## DESCRIPTION OF THE TASK
Nothing but the lines from the one containing "BUNCH O'BEARS GUMMY BEAR STACKING CRAYONS" through the last line of the material should appear in the answer, transcribed exactly, pictures excluded.

## DATA SECTION
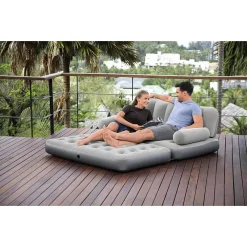 DIVANO LETTO 2 POSIZIONI IN 1 GONFIABILE 2 POSTI CON POMPA 188X152X64CM 75073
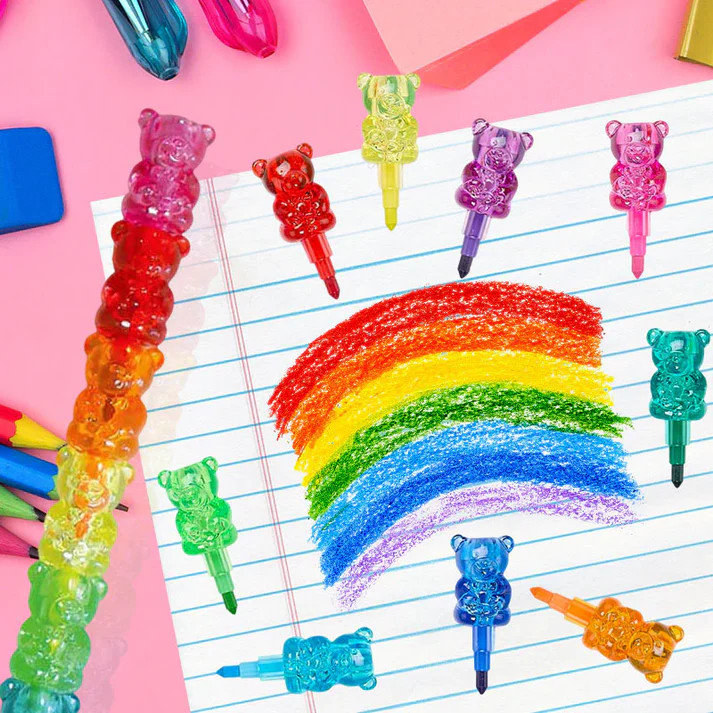 BUNCH O'BEARS GUMMY BEAR STACKING CRAYONS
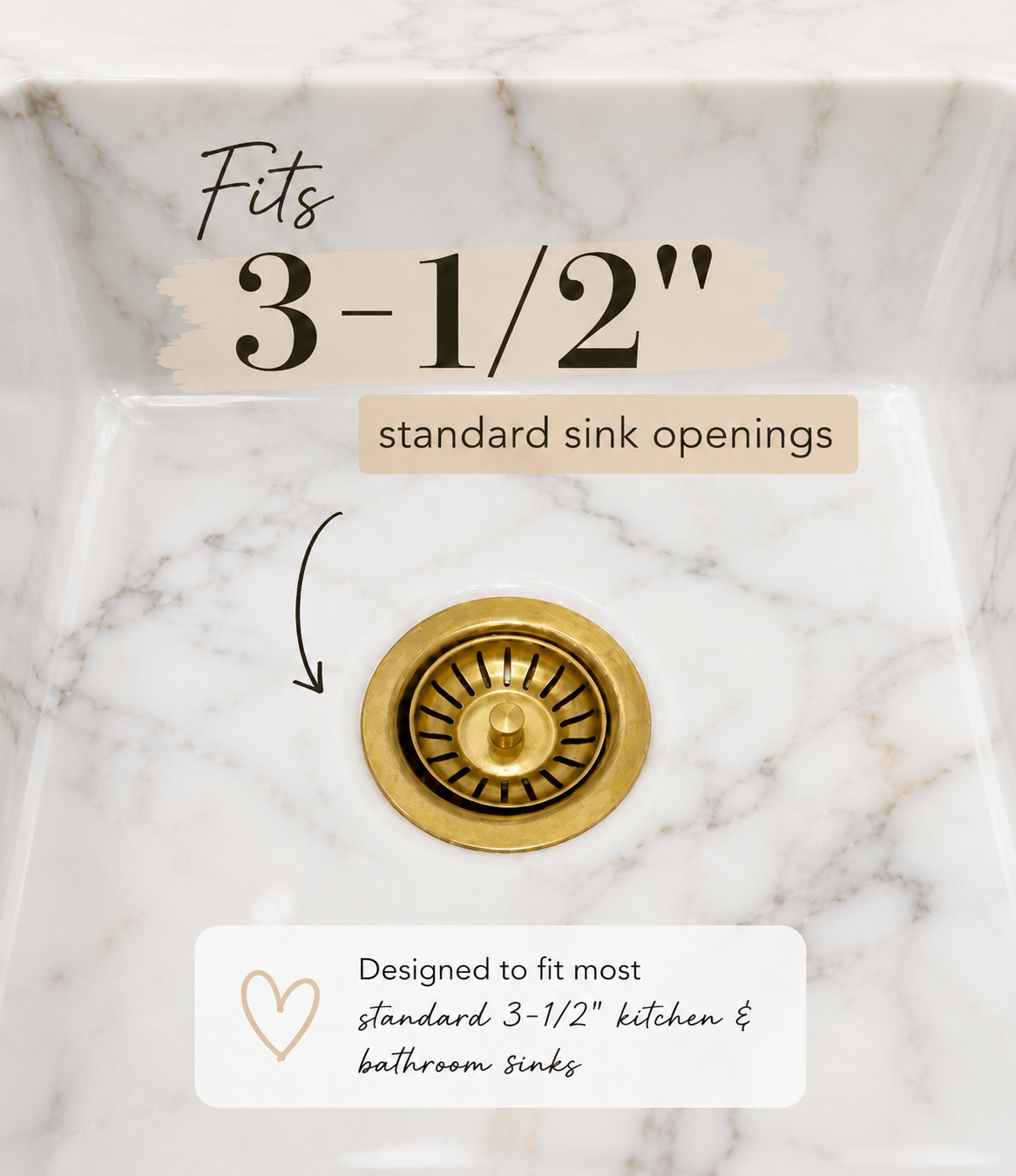 Unlacquered Brass Hammered Sink - Farmhouse kitchen Sink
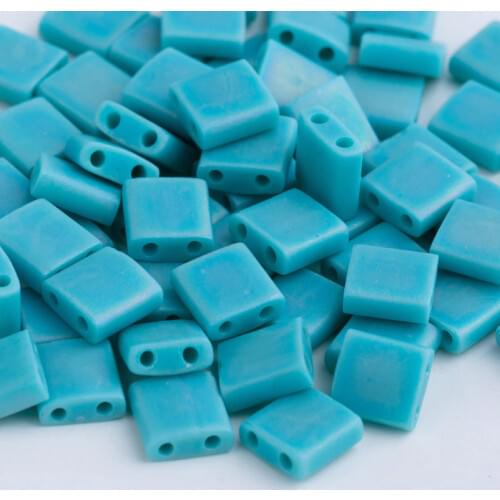 Taidian White Miyuki Tila Glass Beads For DIY Beads Jewelry Making 5.0x5.0x1.9mm 3grams/lot about 36 pieces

## SOLUTION FOR THIS EXERCISE
 BUNCH O'BEARS GUMMY BEAR STACKING CRAYONS
 Unlacquered Brass Hammered Sink - Farmhouse kitchen Sink
 Taidian White Miyuki Tila Glass Beads For DIY Beads Jewelry Making 5.0x5.0x1.9mm 3grams/lot about 36 pieces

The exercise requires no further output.